Snyder’s death was the second train-related fatality in Douglas County in the past decade. In 2006 Jeannie NewMoon, 53, was struck and killed by a train while walking on the North Second Street overpass in North Lawrence.
Snyder would be one of 19 people killed by trains in Kansas through the first 11 months of 2011, according to statistics from the Federal Railroad Administration.
While the rest of the country has seen dramatic drops in train fatalities during the past 20 years — from 1,170 in 1992 to 644 in 2011 — Kansas’s numbers remain steady, about 16 per year. Douglas County has nine fatalities over than time, and Johnson County leads the state with 19.
There doesn’t seem to be a clear reason why the Kansas numbers haven’t dropped.

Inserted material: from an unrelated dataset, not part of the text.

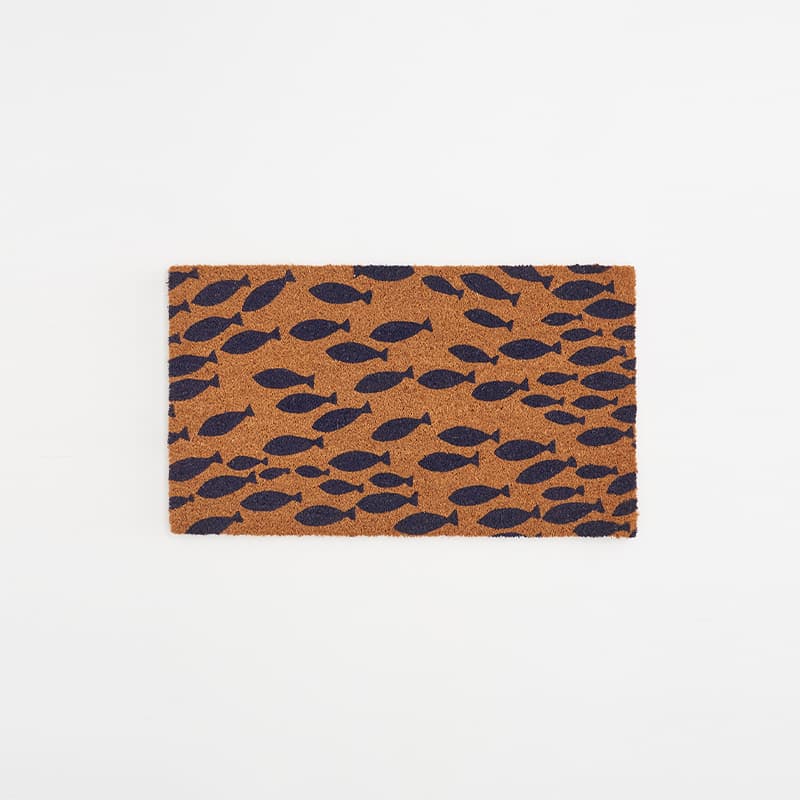 Paillasson "Banc de poissons" BATELA DECO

“Your guess is as good as mine,” said Darlene Osterhaus, director of the train-safety organization Kansas Operation Lifesaver. Since joining the organization in 2006, Osterhaus has helped coordinate hundreds of workshops across the state to increase awareness of the dangers of trains.
The two types of incidents that are not related to a train malfunction or derailment are categorized as crossing collisions, such as Snyder’s crash, and trespass incidents, when someone is struck by a train as he or she walks on the tracks, such as in NewMoon’s case.

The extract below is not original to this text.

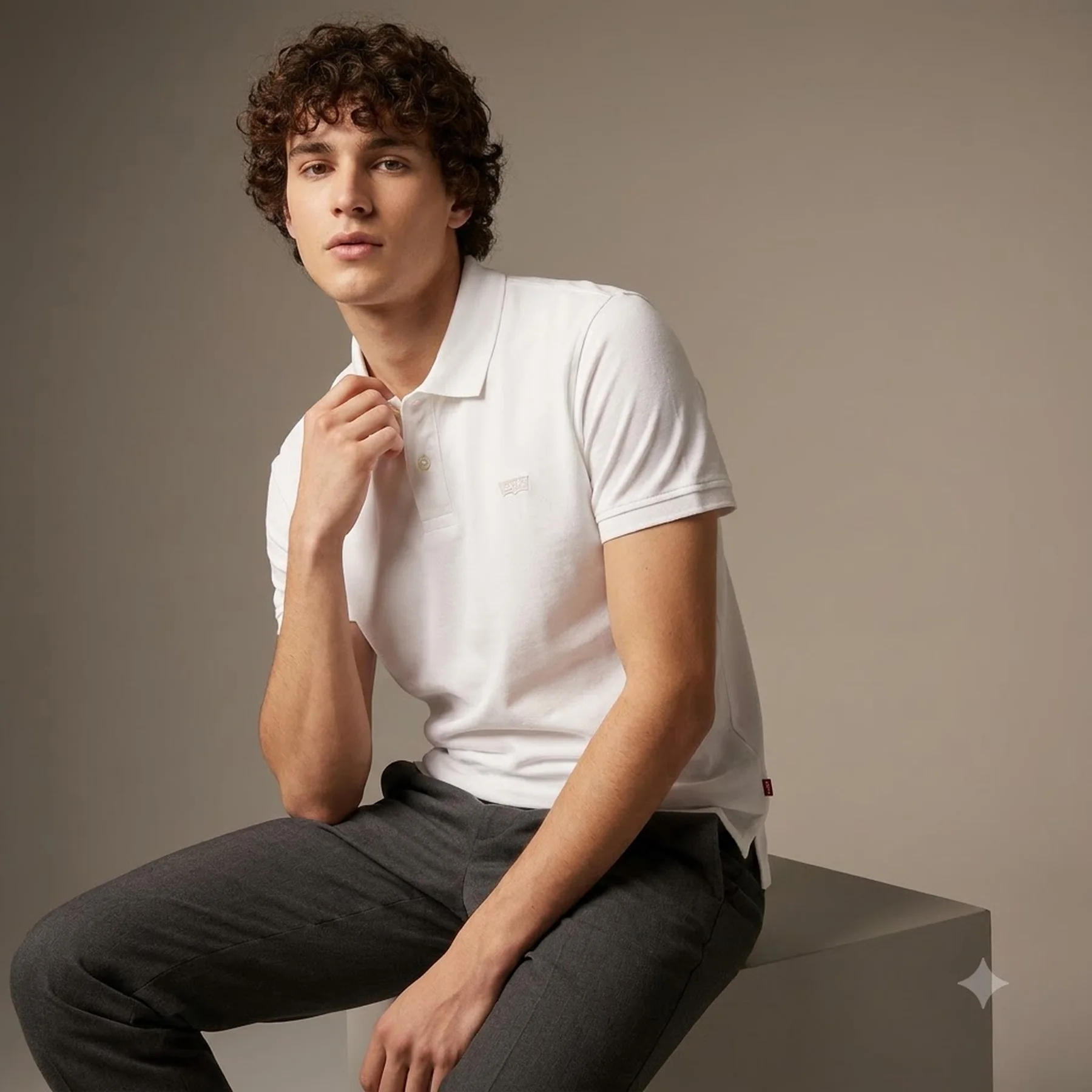 Чоловічі футболки-поло Levi's 1159852840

In addition to education and trainings, adding gates and lights to intersections can help reduce incidents and fatalities, Osterhaus said, but that’s not always enough.

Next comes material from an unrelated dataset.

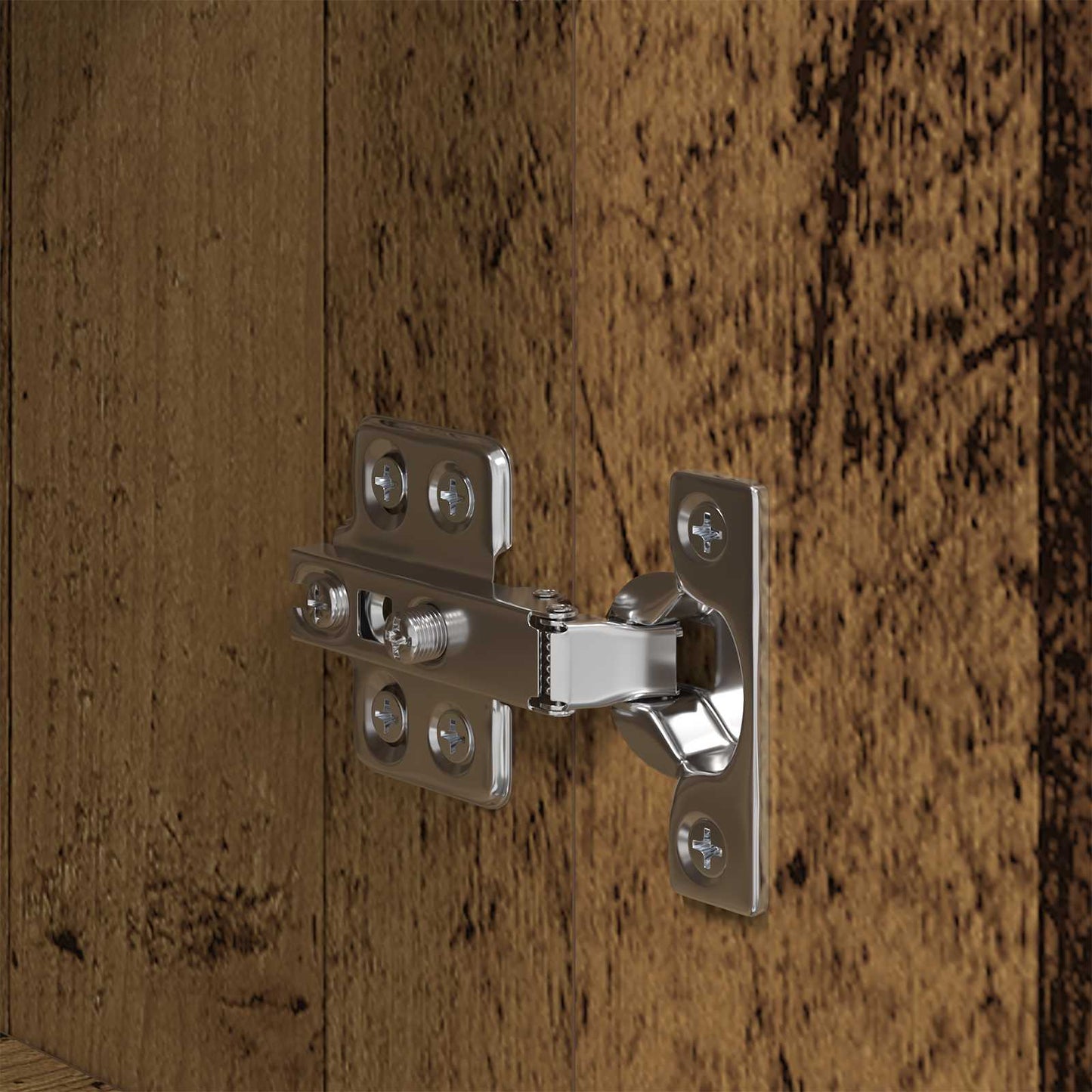 Serviesskap Gammelt tre 34,5 x 34 x 90 cm Konstruert tre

Some drivers will drive around gates, or, if road conditions are hazardous, might slide through intersections. Nearly 50 percent of collisions occur at intersections equipped with gates or other warning devices, she said. In Snyder’s collision, where he tried to stop but slid, gates or lights may not have made a difference.
In Kansas, about 65 percent of the roughly 5,200 train crossings are equipped only with stop signs or “crossbucks,” the white X sign with “railroad crossing” written on them, said Mitch Sothers, engineer with the Kansas Department of Transportation. Sothers helps install other warning devices, paid for with federal money. But the funding is limited, and Sothers said KDOT is only able to add warning devices to about 50 train crossings per year.
Marmie Edwards, spokeswoman for the national branch of Operation Lifesaver, said the percentage of train crossings with warning devices varies by state, from 20 percent to 50 percent. But it wouldn’t be economically feasible to place devices at all crossings nationwide, she said.
When it comes to those killed when walking on train tracks, it’s not clear how many are suicides, Edwards said, as those statistics historically were not kept. In Kansas, trespass deaths account for about a quarter of train-related fatalities.
In the nonsuicide cases, Edwards said a lack of safety awareness comes from a public perception of slow moving trains blowing their whistles and flowing through small towns at 30 or 40 mph. But with time, trains have sped up, and in a state like Kansas, they move through frequently, she said.
“The public hasn’t caught up with that,” she said. “There’s still a ways to go.”